Your objective: Pictures are to be left out, and only the lines from the one containing "PET PARADISE 四角ポケット付きパーカー《オレンジ》【小型犬】" through the last line of the data are to be returned exactly.

Dataset excerpt:
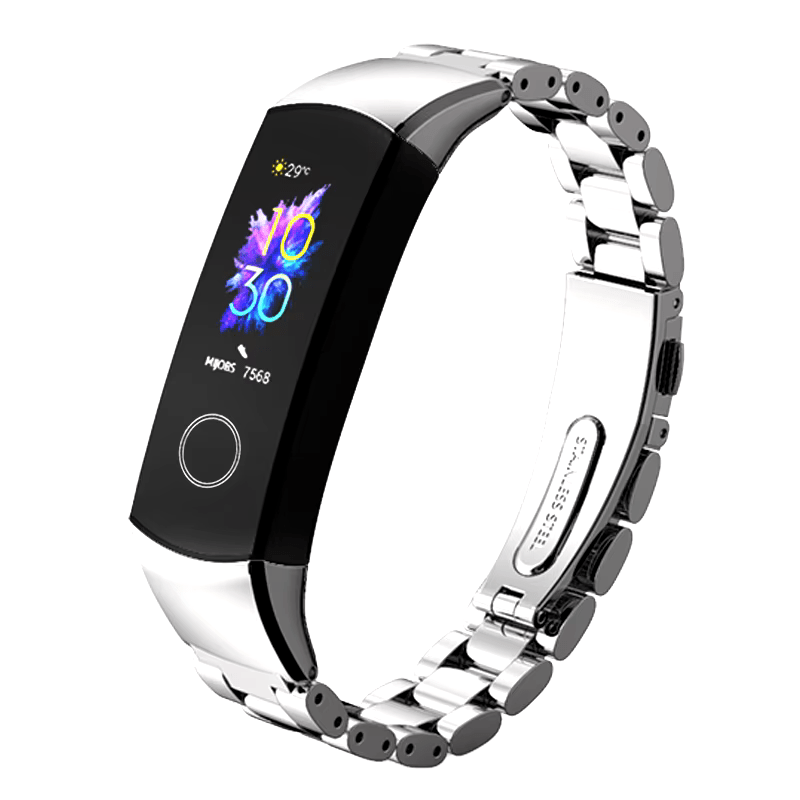 بند فلزی مدل Bead 3 مناسب مچ بند هوشمند هانر مدل Honor Band 4/5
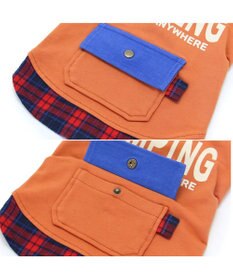 PET PARADISE 四角ポケット付きパーカー《オレンジ》【小型犬】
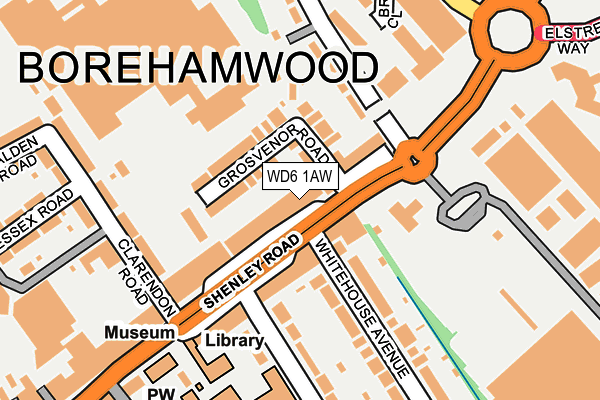 WD6 1AW map - OS OpenMap – Local (Ordnance Survey) WD6 1AW map - OS OpenMap – Local (Ordnance Survey)
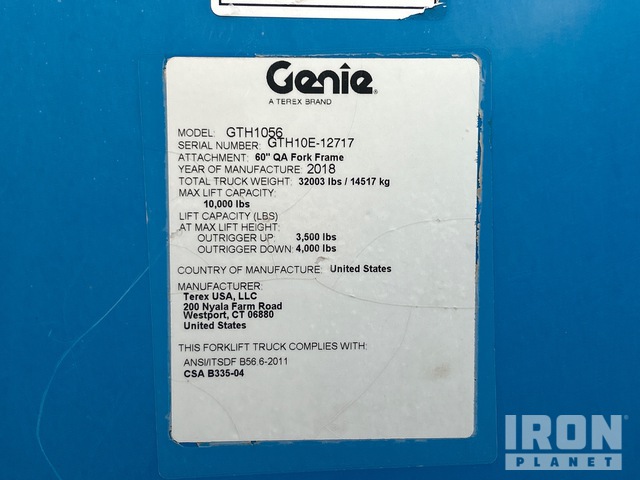 MANIPULADOR 2018 GENIE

Response area:
 PET PARADISE 四角ポケット付きパーカー《オレンジ》【小型犬】
 WD6 1AW map - OS OpenMap – Local (Ordnance Survey) WD6 1AW map - OS OpenMap – Local (Ordnance Survey)
 MANIPULADOR 2018 GENIE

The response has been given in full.